A few of Siegel’s outfits in the show do reflect reality: the hot pink fitted gown with gold “Queen of Versailles” sash is a riff of the dress that Jackie wears in her Sundance documentary, and there’s a version of Siegel’s actual wedding dress.
”You want to epitomize the character, and you also want to make it Broadway friendly. We amp it up a little bit, while also being respectful and genuine to the character who’s going to sit there and watch it,” says Cowan, adding that he got an approving cosign from Siegel herself. “We are kind of cut from the same fabric of the things we love,” he adds.
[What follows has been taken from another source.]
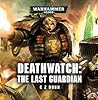 Deathwatch by Christian Z. Dunn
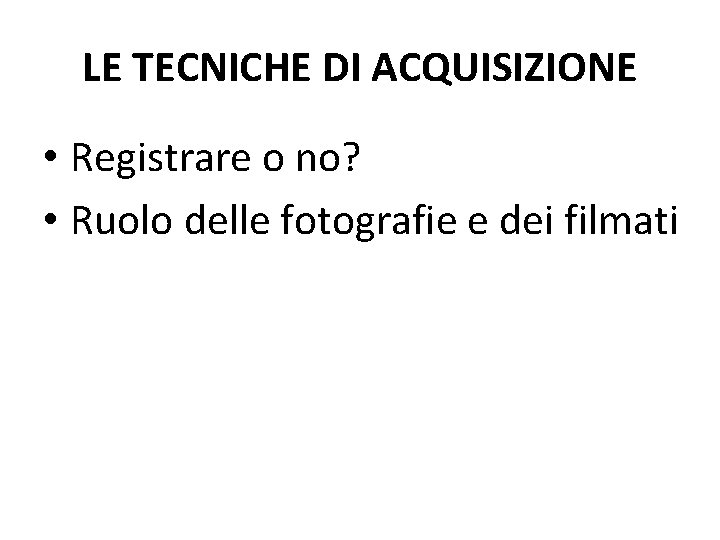 LE TECNICHE DI ACQUISIZIONE • Registrare o no? • Ruolo delle fotografie e dei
In the lead-up to creating the costumes, Cowan visited Siegel at her Orlando, Fla., home and got a tour of her closet, which features two floors, a bed, paintings everywhere and a stripper pole.
“It was a massive inspiration to be able to delve into her closet,” Cowan says. “She’s a lover of texture, which I really tried to show in this show. She’s a lover of animal prints and tweeds and crystals and feathers, and she loves maximalism.”
Outfits span high to low, with 2000s-coded denim shorts, tank tops with exposed neon bra straps and platform flip-flops. “I wanted to toe the line of reflecting the real-life character and her intricacies that we have come to love from studying her, but then also making sure that applies to Kristin. And then also making sure it works on stage,” he says. “You see her in many different time periods throughout the show, and so I really wanted them to feel believable and real.”
In addition to spanning Siegel’s more sartorially demure younger years, the musical also takes a detour into a totally different period: the 18th-century world of Marie Antoinette’s French court. “Two periods, and somehow the 2000s feel more jarring than that,” says Cowan, adding that creating those ornate period costumes were a project highlight.
After the Boston debut last summer, Cowan has been fine-tuning the looks in anticipation of its Broadway run, leaning into more of a high-low sartorial contrast, and eliminating some of Siegel’s more fashion-forward looks.
“None of the outfits can be too chic or too fashionable, because that isn’t the character,” Cowan says. “She’s a lover of fashion. She’s a lover of luxury, but it’s not someone who’s editing everything perfectly. So that was also something that I wanted to tweak and be like, no — we need to put more wild necklaces with that outfit, or giant pendants.”
Just like the House of Versailles, it’s still a work in progress.